GORNJI MILANOVAC, March 30, 2007 (Beta) - Gornji Milanovac authorities say a local newspaper article discriminates against a state officer on religious and ethnic grounds.

The article in question virtually reads as follows: “A Wahhabi has been seen in the municipality building. He hasn’t been seen only once, rather on a daily basis. He comes to work as everybody else does, the security stands still as he passes by."

"However, he is not a municipal employee, nor does he come from a party or as a citizen. Yet, he does his work there.  Everything around him is green. He carries a laptop, and when he plugs it in, green letters appear on the screen…”

The text, entitled “A Wahhabi”, and subtitled “Uncensored” written by Branka Vuković, was published in Friday’s issue of Takovske Novine.

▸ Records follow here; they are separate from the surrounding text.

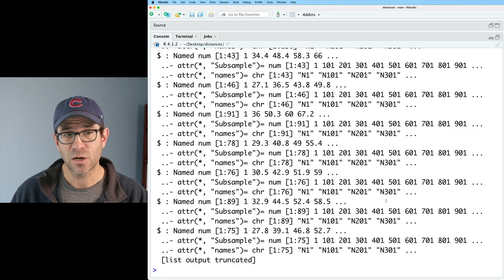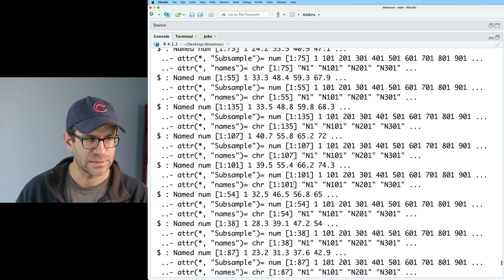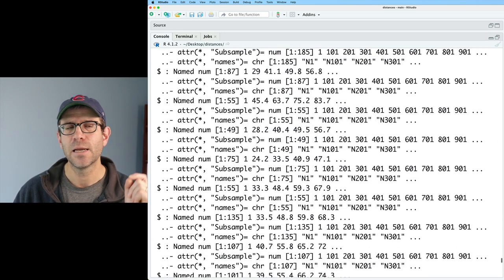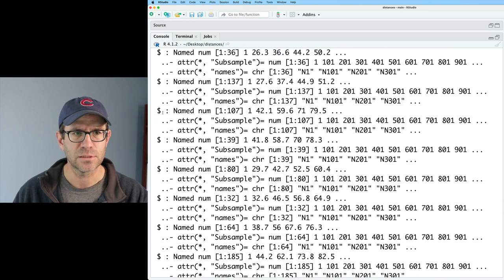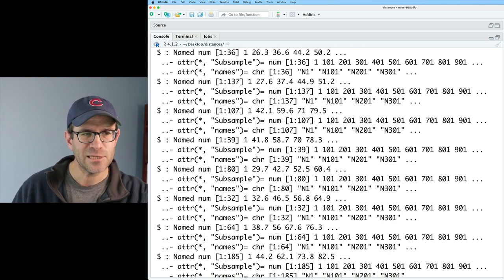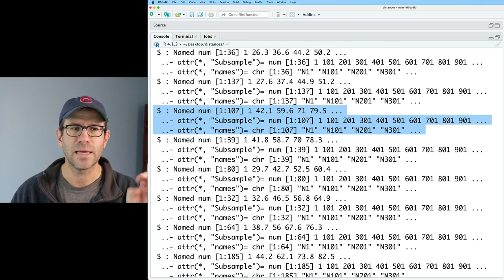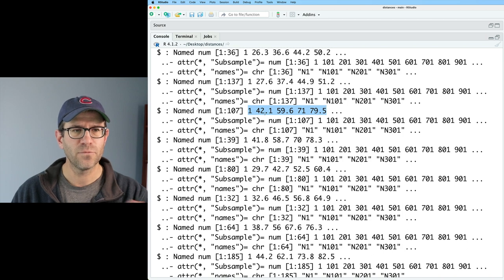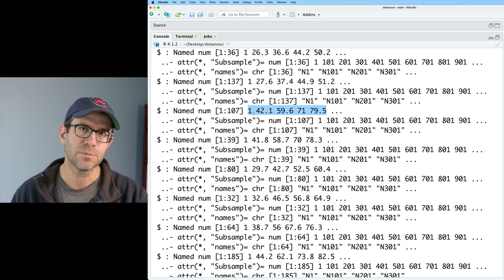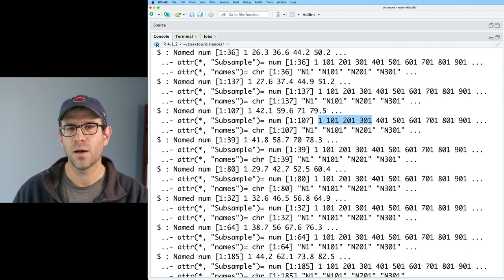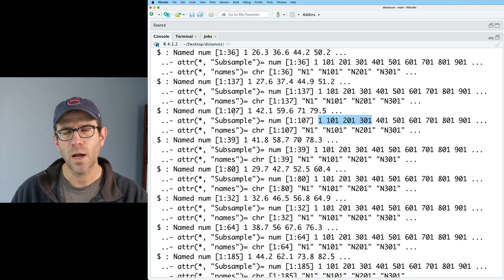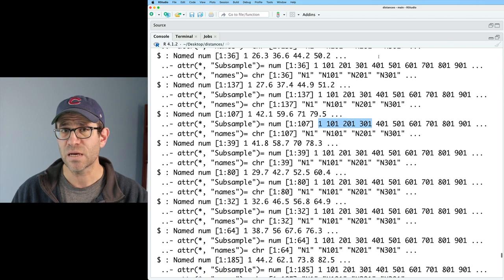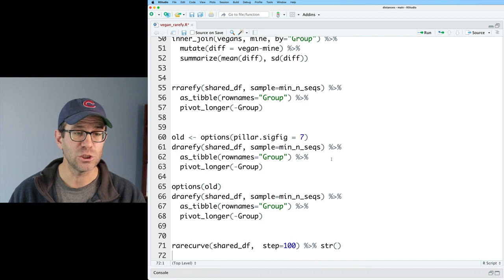So the str function reveals that the output of rarecurve is that figure, but it's also a list. And I know it's a list because I've got that dollar sign, but it's not keeping the name of each of the samples next to that dollar sign. And so that's a bit annoying. But the other thing that's interesting is that each element in this list is a named vector. And so we can see here, say, 142.1, 59.6, and so forth, are the number of expected OTUs or taxa that we would see for sampling 101, 201, 301, and so forth, right?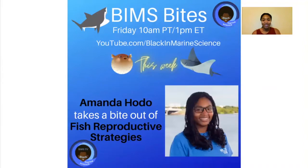Welcome to BIMS TV. My name is Amanda Hodo, and today we're taking a bite out of fish reproductive strategies.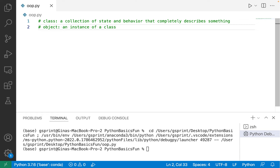Each one of these houses might have a slightly different state. One of the attributes of the class might be something like house color. Maybe by default the architect said they should all be white, but maybe some people buying these houses want different colors — two are green, three are yellow, four are red, etc. They all have a house color, but the different objects, the different houses, might have different values for those attributes.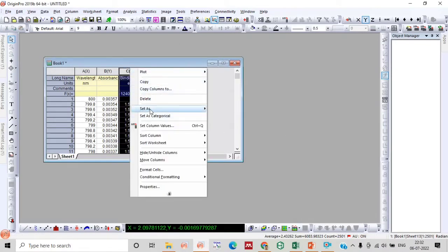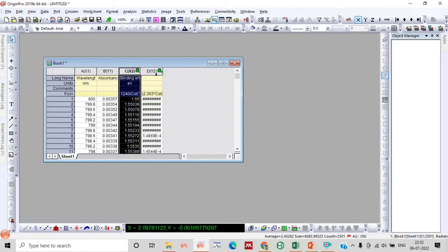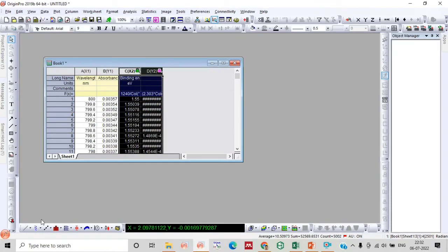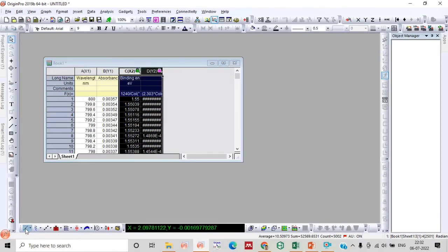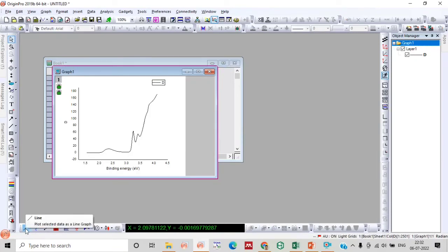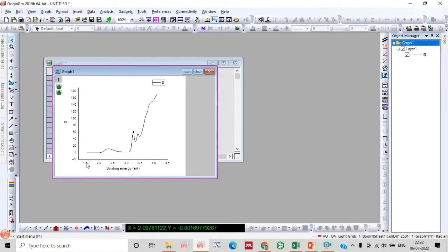Now select column C and set it as the x-axis. Now drag the C and D columns and you will obtain a Tauc plot. Now we need to rescale this to get a clear view of the Tauc plot.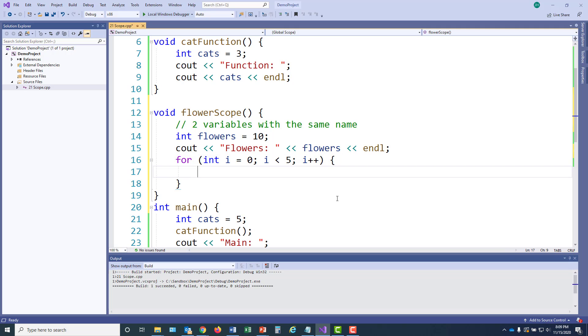Now I have another code block. The inside of my for loop is a code block and the function flowerScope is a code block. So I have a code block nested in a code block. And what I'm going to do inside this for loop is I'm going to create another variable named flowers.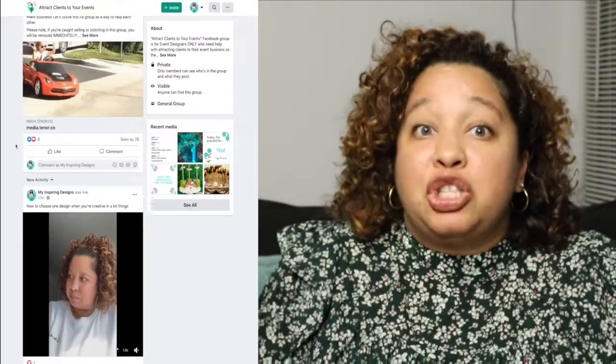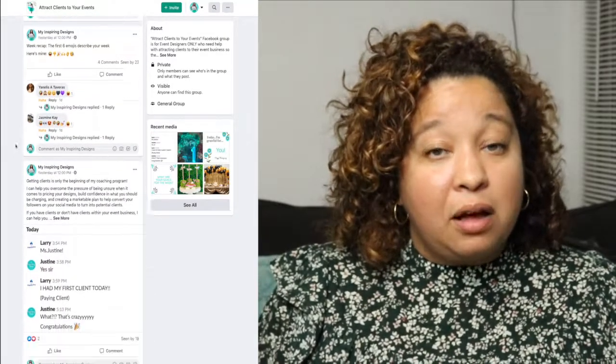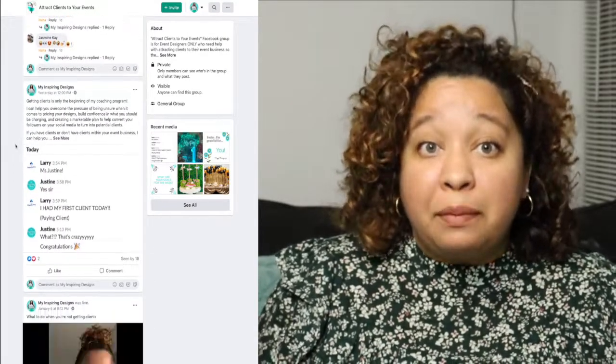Also, if you're an event designer and you want to join my free Facebook group, where I dive even deeper on the tips and tricks that it took for me to gain my ideal client, feel free to click the link down below to join my Facebook group. Just don't forget to answer every question so you're allowed in.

The article is dedicated to the upcoming religious holiday marking the 192nd anniversary of the start of the Second Serbian Uprising that won the nation independence from the Ottoman Turks.

The article triggered fierce reactions, a state budgetary inspector, currently on a month-long inspection in Gornji Milanovac, happens to be a Muslim.

The municipal council and the mayor issued a joint statement to condemn the article and criticize the author and editor.

“It is absolutely primitive and vulgar to make insulting remarks against a state inspector and stir up ethnic, racial and religious hatred and intolerance,” the statement read.
 
Local branch of the Socialist Party of Serbia (SPS) lashed out at the text which “discriminated against a state inspector on grounds of religion.”

Text’s author Branka Vuković told Beta agency she rejected all accusations, saying that “arbitrary interpretation of the text and its supposed insinuations came from the municipal authorities’ vivid imagination.”

Dragoljub Petković, the editor of the newspaper said the controversy constituted for yet another attack on free journalism, pressuring against the author.

The state budget inspector who was allegedly portrayed in the text refused to comment on the subject or have his name mentioned, saying he was only “doing his job.”